In particular, \(\Vert \langle U, V \rangle _{\mathsf {F}}\Vert _F^2 - 1\) is equal to the squared Euclidean imbalance as defined by Baignères et al. [2, Definition 7]. The term \(-1\) is due to the trivial invariant corresponding to the uniform distribution. If this is omitted, one obtains that the data-complexity of an optimal distinguisher is inversely proportional to the sum of the squared principal correlations. This generalizes to multiple linear distinguishers (which are not necessarily of projection type), in which case the squared Frobenius norm corresponds to the fixed-key capacity.

5 Trails

Most cryptographic primitives \(\mathsf {F}\) do not allow for a direct computation of the approximation map \(\langle V, U \rangle _{\mathsf {F}}\), even when U and V are low-dimensional. Indeed, if \(\mathsf {F}\) is devoid of structure, one is forced to estimate the approximation map empirically. Consequently, finding good approximations of the general type discussed in Sect. 4.3 is nontrivial.

However, cryptographic primitives are often a composition of highly structured round functions. That is, \(\mathsf {F}= \mathsf {F}_r \circ \mathsf {F}_{r - 1} \circ \cdots \circ \mathsf {F}_1\). By exploiting the structure of the functions \(\mathsf {F}_i\), one can often find approximations \((V_i, V_{i+1})\) such that \(\langle V_{i+1}, V_i \rangle _{\mathsf {F}_i}\) can be efficiently computed. This is for instance the case for linear cryptanalysis, and Sect. 6 will introduce rank-one approximations as another example for cell-oriented ciphers.
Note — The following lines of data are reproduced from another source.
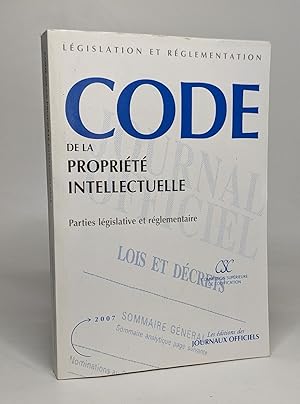 Image du vendeur pour Code de la proprit intellectuelle: Texte mis  jour au 25 juin 2007 mis en vente par crealivres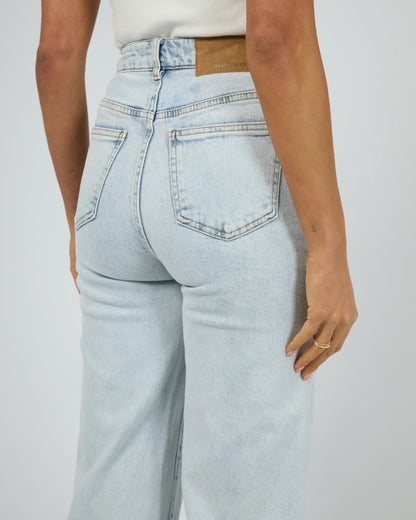 High Rise Wide Leg Denim Jeans - Bleach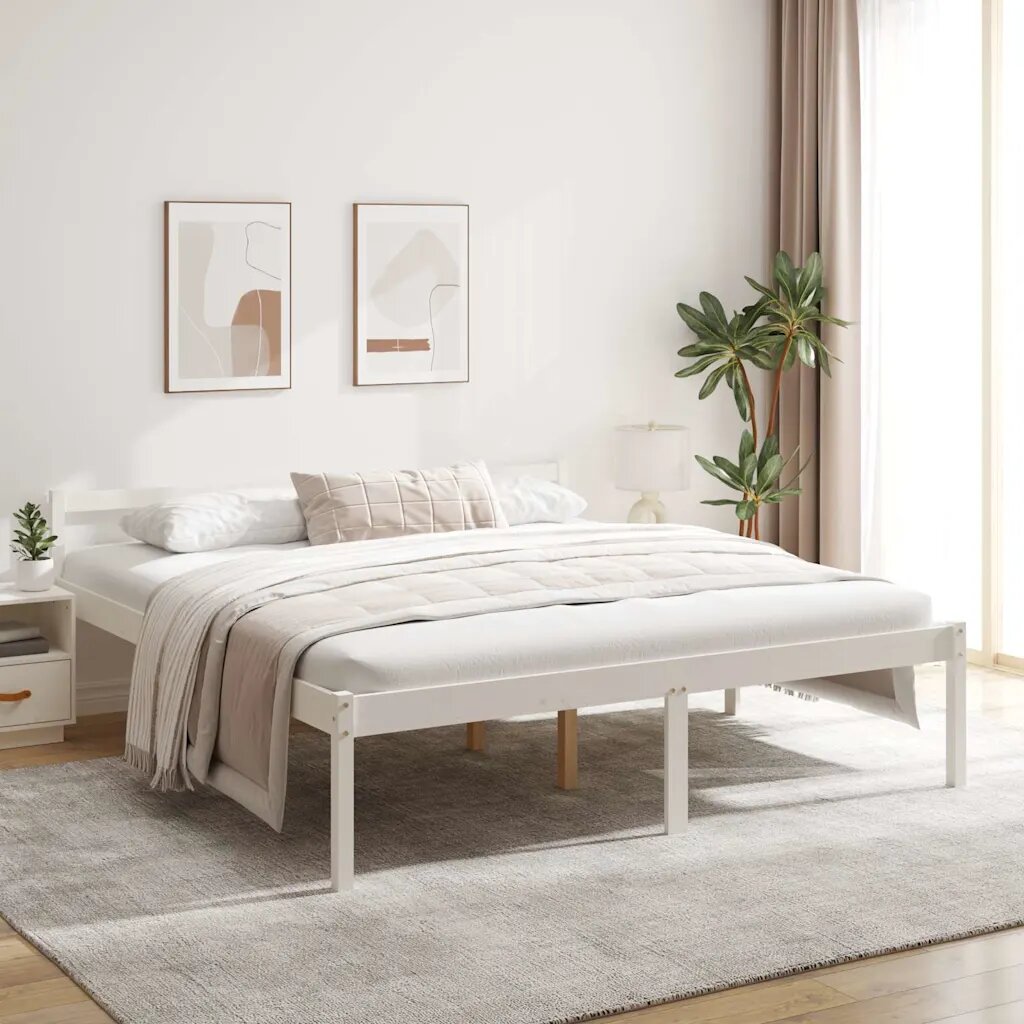 vidaXL Легло за възрастни бяло 180x200 см Super King Size бор масив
The remaining task is to combine or ‘pile-up’ the individual approximations \((V_{i}, V_{i+1})\) for \(\mathsf {F}_i\) in order to obtain an approximation \((V_1, V_{r + 1})\) for \(\mathsf {F}\). The purpose of the piling-up principle, which will be discussed in Sect. 5.1, is to obtain an estimate of the approximation map \(\langle V_{r + 1}, V_1 \rangle _{\mathsf {F}}\).

Definition 5.1

(Trail). Let \(G_1, G_2, \ldots , G_{r + 1}\) be finite Abelian groups. A trail of vector spaces for a function \(\mathsf {F}= \mathsf {F}_r \circ \cdots \circ \mathsf {F}_1\) with \(\mathsf {F}_i : G_i \rightarrow G_{i + 1}\) is a tuple \((V_1, V_2, \ldots , V_{r + 1})\) of subspaces \(V_1 \subseteq \mathbb {C}\widehat{G}_1, \ldots , V_{r + 1} \subseteq \mathbb {C}\widehat{G}_{r + 1}\).
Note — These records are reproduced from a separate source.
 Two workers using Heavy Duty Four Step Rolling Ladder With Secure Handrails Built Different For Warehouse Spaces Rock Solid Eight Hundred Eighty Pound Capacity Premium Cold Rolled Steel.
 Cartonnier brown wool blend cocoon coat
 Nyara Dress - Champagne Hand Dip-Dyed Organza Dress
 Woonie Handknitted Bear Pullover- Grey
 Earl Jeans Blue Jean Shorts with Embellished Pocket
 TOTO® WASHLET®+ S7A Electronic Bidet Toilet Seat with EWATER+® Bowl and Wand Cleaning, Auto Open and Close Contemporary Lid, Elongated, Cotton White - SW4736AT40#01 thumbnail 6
Similarly to ordinary linear trails, Definition 5.1 defines a sequence of compatible intermediate approximations. In particular, if all vector spaces \(V_i\) are spanned by a standard basis vector \(\delta _{\chi _i} \in \mathbb {C}\widehat{G}_i\), one obtains ordinary linear trails as defined by Matsui [31] and generalized to other groups by Baignères et al. [3]. Note that the compatibility requirement does not exclude taking one or more of the functions \(\mathsf {F}_i\) as the identity map.

5.1 Piling-Up Principle

As discussed in Sect. 1, methods for piling-up the approximations within a trail are often motivated by Markov chain assumptions, or a dominant trail hypothesis. Unfortunately, when the former assumption fails, it is often hard to understand why or how to resolve the problem. The latter approach has been mostly limited to the case of simple linear cryptanalysis.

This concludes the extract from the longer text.